Silver dollar: To the winners of the Kit Carson Trail Holiday Art Contest, who created works that reflected the theme "Awaiting Christmas." The winners in the three age categories, announced at the Silver & Snowflakes festival Thursday, were:

K-3rd grade: Samantha Snyder, first place; Katie Jeffries, second; Bryan Pott, third.

4th-6th grade: AnnJi Hodorowicz, first place; Elizabeth Lepe, second; Tristen Donald Ward, third.

7th-12th grade: Virginia Adams, first place; Henry Wilson, second; Erica Gallegos, third.

You can view the kids' works at the Carson City Library through December.

Wooden nickel: To the finger-pointers in Washington who are holding up extending unemployment benefits. Thousands of Nevadans will start to lose jobless benefits in December if the warm and well-fed congressmen and women don't get on the same page, and soon. Whether the money deepens the deficit or comes from stimulus funds, it needs to come, and soon. Nevada's foreclosure crisis and economic malaise will only deepen when 24,000 residents a month lose what little financial security they had left.

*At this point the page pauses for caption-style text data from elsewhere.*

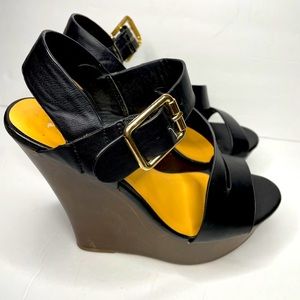 Black wedges women’s size 7/8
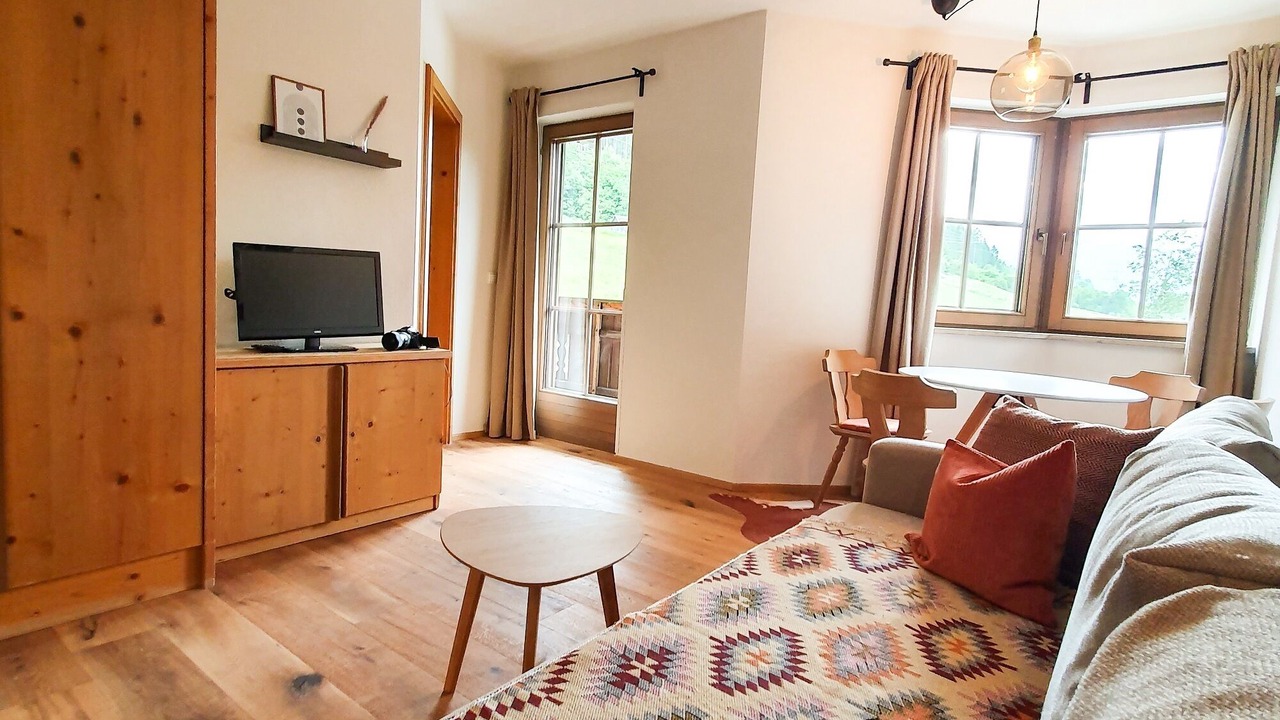 Photo of Livingroom in Goetzens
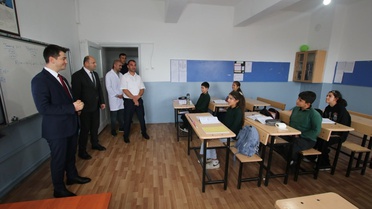 Amasya Taşova'da Kaymakam Bayram, Alpaslan Ortaokulu'nda öğrencilerle sohbet etti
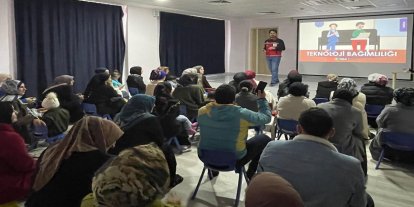 Batman'da velilere "teknoloji bağımlılığı" eğitimi verildi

Wooden nickel: To the recent report that found Nevada ranks last in the nation for dropout rates. We can point to Las Vegas all day long for dragging the state down, but in the nation's eyes, the brush paints all of us, and it's not a pretty color. Fixing our education system is just as vital to our state's longterm economic vitality as a reliable revenue stream when the Legislature convenes in February.

Silver dollar: To the burst of solar projects going up in Carson City. The schools are in the planning stages of building solar arrays that could save the district tens of thousands of dollars in energy costs; the state, city and National Guard all have projects in the works or completed. That's definitely a positive step toward energy independence.